The answer is their most personal gig to date. In the lush surrounds of the National Concert Hall, the Dublin group have taken on the task of reworking a hefty chunk of their back-catalogue for this new setting.
Opening tonight is Forget The Numbers, which gets a lush reworking. Pace Yourself benefits tremendously from the stripped back focus on lyrics and melody, with just a pair of subtle sparse guitars backing most of the song. Whilst Show Me Love gets a very drastic reworking, with the vocal melodies being changed to sound more like a Motown classic (which on paper doesn’t sound like a great idea but works surprisingly well).

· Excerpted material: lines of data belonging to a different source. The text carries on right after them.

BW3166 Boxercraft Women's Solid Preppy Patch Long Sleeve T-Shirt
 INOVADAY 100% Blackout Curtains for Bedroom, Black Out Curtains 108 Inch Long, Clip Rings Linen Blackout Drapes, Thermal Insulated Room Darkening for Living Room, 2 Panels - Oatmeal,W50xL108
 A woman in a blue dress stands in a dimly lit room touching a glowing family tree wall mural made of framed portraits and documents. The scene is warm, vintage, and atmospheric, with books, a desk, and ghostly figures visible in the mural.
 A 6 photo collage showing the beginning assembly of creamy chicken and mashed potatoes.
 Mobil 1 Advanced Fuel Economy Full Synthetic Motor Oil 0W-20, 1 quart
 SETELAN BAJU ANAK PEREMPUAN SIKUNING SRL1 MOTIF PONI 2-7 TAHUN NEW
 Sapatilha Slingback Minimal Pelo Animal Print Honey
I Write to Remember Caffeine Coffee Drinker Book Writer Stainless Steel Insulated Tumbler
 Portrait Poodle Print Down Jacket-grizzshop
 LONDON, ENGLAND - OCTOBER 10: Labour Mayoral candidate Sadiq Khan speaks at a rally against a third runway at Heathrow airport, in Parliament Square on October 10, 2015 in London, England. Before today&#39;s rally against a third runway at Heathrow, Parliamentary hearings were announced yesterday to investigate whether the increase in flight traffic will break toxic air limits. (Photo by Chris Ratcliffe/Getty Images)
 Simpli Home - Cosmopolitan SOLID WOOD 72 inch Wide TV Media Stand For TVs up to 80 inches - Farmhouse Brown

The band is in fine form, noting how the laid-back pace lends itself to storytelling along the way. They are also keen to point out how they spent a month rehearsing this set and none of that time was spent on the storytelling, but it is so natural we doubt anyone is going to be pulling them up on it.
It is a testament to the strength of their songs that they hold up so well in this form. The more frantic elements have been smoothed away to leave an exposed, almost microscopic focus on lyrics and melody. Waited For You So Long is taken at a more leisurely pace than normal and is all the stronger for it. This new form puts the focus on the songs meandering melodies.
The immensely personal Petardu is prefaced by frontman Kieran McGuinness explaining how it was inspired by the search for his birth mother, and getting teary-eyed in the process. The whole thing is backed beautifully by a twinkling piano.
The songs aren’t the only thing getting a shakeup tonight. They’ve also done away with the usual opening act/headliner divide. Instead, tonight’s ‘support acts’ – The Young Folk & Maud In Cahoots –pop in and out throughout the show to lend their services. Both acts bring a range of vocal prowess along with additional instrumentation (melodica and trombone from the former, violin and cello from the latter).
S.E.C.R.E.T closes out the main set with a gorgeous makeover, utilising a 9-piece female choir. The bridge section is given entirely over to the choir, which makes the choir’s addition more than an afterthought. It’s no surprise then that the entire crowd are fully involved at this stage, either singing or clapping.
It’s hard to find fault in tonight’s show when every aspect has been so well considered, but if pushed, we can’t help but wonder how much more spine-tingling it would be with an acoustic piano on-stage (instead of the small electric piano we have) to combine with the halls beautiful acoustics. Especially given Little Sparks, Petardu, and Six Months To The Day, amongst others, are all piano led.
Now we know we already have MTV Unplugged and VH1 Storytellers, but we can’t help wanting more bands to take this approach on occasion. Especially given that, said shows only cater for bands at the summit of music mountain. For an Irish band to showcase their back-catalogue in such a way and in such a venue is a real treat.